--- Extracted records Enclosed Below ---

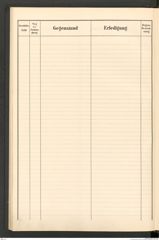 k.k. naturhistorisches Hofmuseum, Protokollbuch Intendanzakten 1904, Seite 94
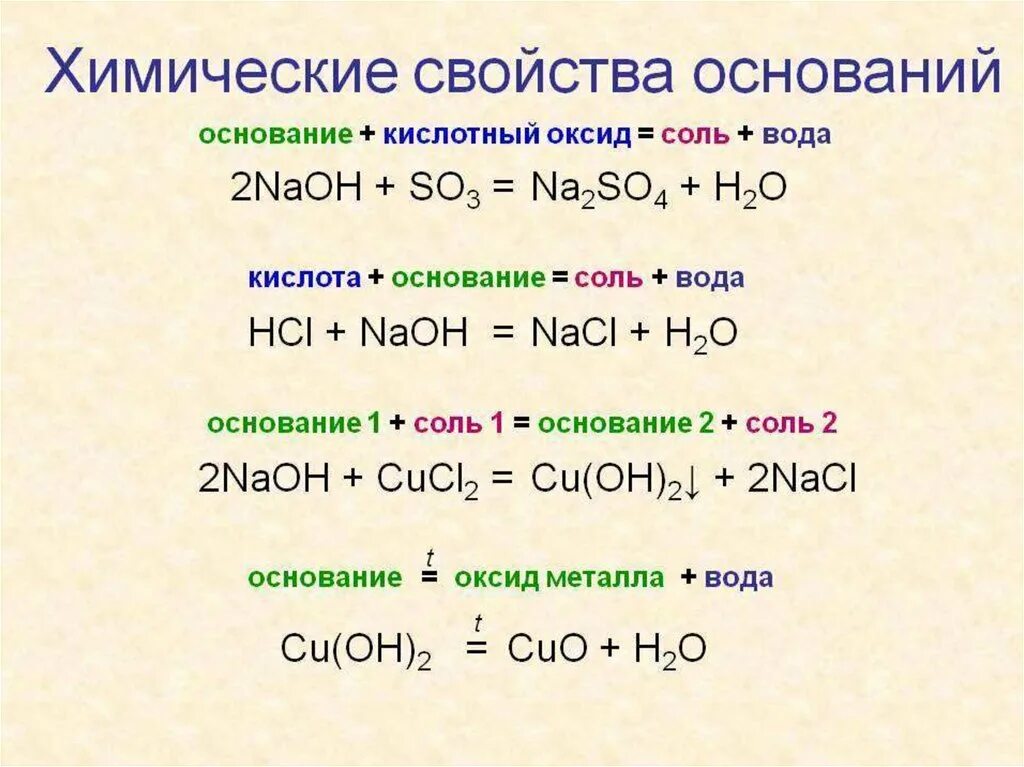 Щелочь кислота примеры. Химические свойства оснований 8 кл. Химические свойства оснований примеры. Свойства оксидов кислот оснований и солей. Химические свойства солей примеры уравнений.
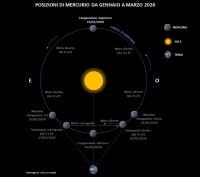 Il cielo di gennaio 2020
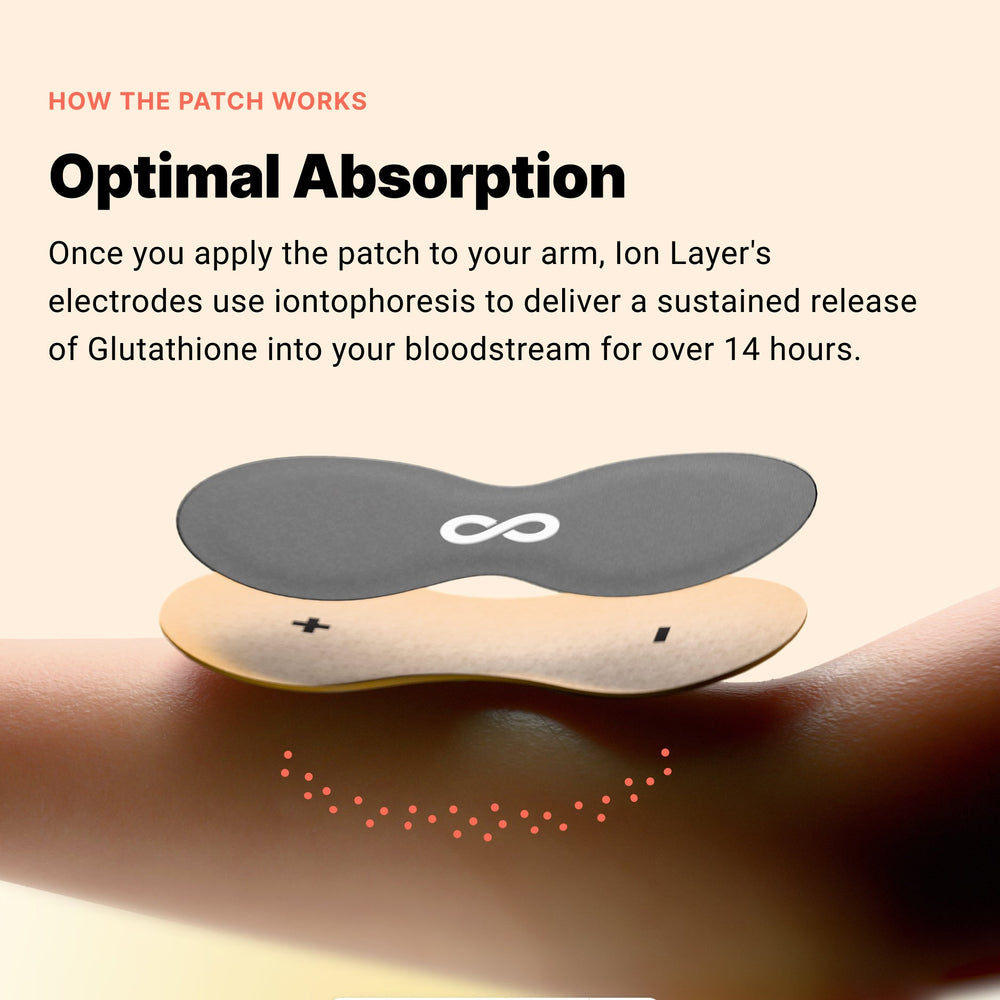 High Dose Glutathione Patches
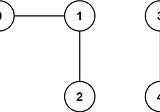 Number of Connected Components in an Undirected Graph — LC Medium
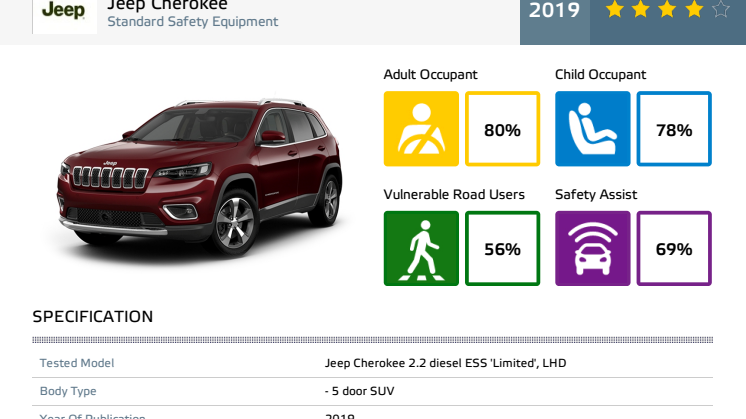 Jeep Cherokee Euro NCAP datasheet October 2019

--- End of Enclosed Extracted records ---

▶ What the task asks:
From the line that contains "High Dose Glutathione Patches" to the end of the listing, give every line again exactly as written. Leave the pictures out.

▶ Answer to the problem:
 High Dose Glutathione Patches
 Number of Connected Components in an Undirected Graph — LC Medium
 Jeep Cherokee Euro NCAP datasheet October 2019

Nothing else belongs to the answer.